A General Partnership is a business structure in which two or more individuals manage and operate a business in accordance with the terms and objectives set out in the Partnership Deed. This structure is thought to have lost its relevance since the introduction of the Limited Liability Partnership (LLP) because its partners have unlimited liability, which means they are personally liable for the debts of the business. However, low costs, ease of setting up and minimal compliance requirements make it a sensible option for some, such as home businesses that are unlikely to take on any debt. Registration is optional for General Partnerships.

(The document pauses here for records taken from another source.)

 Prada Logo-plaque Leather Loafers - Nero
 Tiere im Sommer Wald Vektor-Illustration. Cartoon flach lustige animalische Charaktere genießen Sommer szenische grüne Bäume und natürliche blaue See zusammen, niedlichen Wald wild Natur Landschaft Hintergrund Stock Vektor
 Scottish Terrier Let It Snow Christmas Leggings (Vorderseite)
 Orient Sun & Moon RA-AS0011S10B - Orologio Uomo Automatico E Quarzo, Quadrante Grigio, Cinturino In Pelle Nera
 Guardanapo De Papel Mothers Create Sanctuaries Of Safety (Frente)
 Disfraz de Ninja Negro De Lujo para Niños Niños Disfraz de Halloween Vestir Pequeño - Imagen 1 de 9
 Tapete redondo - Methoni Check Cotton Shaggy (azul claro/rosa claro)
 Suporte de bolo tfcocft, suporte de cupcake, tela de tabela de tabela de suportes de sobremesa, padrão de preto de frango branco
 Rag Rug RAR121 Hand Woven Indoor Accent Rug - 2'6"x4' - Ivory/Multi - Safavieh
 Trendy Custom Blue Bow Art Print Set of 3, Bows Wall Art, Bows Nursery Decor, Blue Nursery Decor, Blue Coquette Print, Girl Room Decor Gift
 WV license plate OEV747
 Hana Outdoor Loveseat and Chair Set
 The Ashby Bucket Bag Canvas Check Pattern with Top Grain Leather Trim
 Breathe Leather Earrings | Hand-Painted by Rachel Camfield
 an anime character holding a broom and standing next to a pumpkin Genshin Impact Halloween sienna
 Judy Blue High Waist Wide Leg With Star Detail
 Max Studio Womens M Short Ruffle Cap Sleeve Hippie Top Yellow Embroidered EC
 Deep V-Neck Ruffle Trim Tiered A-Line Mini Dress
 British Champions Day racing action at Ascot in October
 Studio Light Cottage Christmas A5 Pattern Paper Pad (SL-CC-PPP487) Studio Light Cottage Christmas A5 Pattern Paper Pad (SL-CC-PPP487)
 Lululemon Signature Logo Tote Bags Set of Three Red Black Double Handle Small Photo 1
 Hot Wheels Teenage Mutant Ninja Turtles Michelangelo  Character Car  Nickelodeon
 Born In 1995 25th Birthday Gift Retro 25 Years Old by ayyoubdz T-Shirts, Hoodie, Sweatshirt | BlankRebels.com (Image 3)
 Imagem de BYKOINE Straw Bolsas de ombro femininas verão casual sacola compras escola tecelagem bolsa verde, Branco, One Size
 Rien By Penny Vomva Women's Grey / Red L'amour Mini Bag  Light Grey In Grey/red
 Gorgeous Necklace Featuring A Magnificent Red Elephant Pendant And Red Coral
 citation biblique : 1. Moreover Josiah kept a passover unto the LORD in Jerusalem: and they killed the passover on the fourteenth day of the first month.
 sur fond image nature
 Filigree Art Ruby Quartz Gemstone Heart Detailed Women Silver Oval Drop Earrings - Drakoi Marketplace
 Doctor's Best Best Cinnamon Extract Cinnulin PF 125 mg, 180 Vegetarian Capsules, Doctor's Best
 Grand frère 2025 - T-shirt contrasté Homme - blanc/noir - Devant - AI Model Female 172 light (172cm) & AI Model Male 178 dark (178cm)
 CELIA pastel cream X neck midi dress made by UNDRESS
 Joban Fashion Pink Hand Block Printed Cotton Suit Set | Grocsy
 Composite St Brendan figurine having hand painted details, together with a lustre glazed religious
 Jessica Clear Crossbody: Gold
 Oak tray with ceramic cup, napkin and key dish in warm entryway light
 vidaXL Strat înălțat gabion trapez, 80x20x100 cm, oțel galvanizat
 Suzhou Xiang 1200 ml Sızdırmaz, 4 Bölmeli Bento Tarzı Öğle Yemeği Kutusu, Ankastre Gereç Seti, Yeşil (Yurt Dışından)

Essential Facts on Partnership
What is a partnership firm?
A partnership firm is a business structure in which two or more individuals manage and operate a business in accordance with the terms and objectives set out in a Partnership Deed that may or may not be registered. In such a business, the members are individually partners and share the liabilities as well as profits of the firm in a predetermined ratio.
Why should I set up a partnership firm?
A partnership firm is best for small businesses that plan to remain small. Low costs, ease of setting up and minimal compliance requirements make it a sensible option for such businesses. Registration is optional for General Partnerships. It is governed by Section 4 of the Partnership Act, 1932. For larger businesses, it has lost its relevance with the introduction of the Limited Liability Partnership (LLP).. This is because an LLP retains the low costs of a partnership while providing the benefit of unlimited liability, which means that partners are not personally liable for the debts of the business.
Is a partnership firm a separate entity?
The partners in a partnership firm are the owners, and thus, are not a separate entity from the firm. Any legal issues or debt incurred by the firm is the responsibility of its owners, the partners.
How many partners can there be?
A partnership must have at least two partners. A partnership firm in the banking business can have up to 10 partners, while those engaged in any other business can have 20 partners. These partners can divide profits and losses equally or unequally.
Is partnership firm registration necessary?
No, partnership registration is not necessary. However, it is advisable for you to have a partnership firm registration online. Also, remember that for a partner to sue another partner or the firm itself, the partnership should be registered. Moreover, for the partnership to bring any suit to court, the firm should be registered. For this reason, it is recommended that larger businesses register the partnership deed.
What are the main aspects of a partnership deed?
The deed should contain names of the partners and their addresses, the partnership name, the date of commencement of operation of the firm, any capital invested by each partner, the type of partnership and profit-sharing matrix, rules and regulations to be followed for intake of partners or removal.
Documents Required for Partnership Registration
Benefits of a Partnership
Minimum Compliance
For General Partnerships, there is no need for an auditor to be appointed or, if the company is still in the process of registration or incase unregistered, annual accounts filing with the registrar is not necessary either. When compared to LLP, annual compliances are also fewer. Further, taxes depending on turnover, service and sales tax also need not be filed in General Partnerships.
Simple To Begin
General Partnerships can begin simply with an unregistered deed of the partnership within 2-4 business days. However, having registration for the same has its own perks and advantages. The primary advantage for having a registered firm is that it will allow you to book lawsuits in courtrooms opposing another business or the business associates in the firm for the administration of rights addressed in the Partnership Act.
Comparatively Economical
In comparison to LLP, a General Partnership is much cheaper to begin. Even in the longer run, it will still work out inexpensive as the compliance requirements are very minimal. For example, there is no need for an auditor. Therefore, Home businesses still opt for this, although it offers unlimited liability.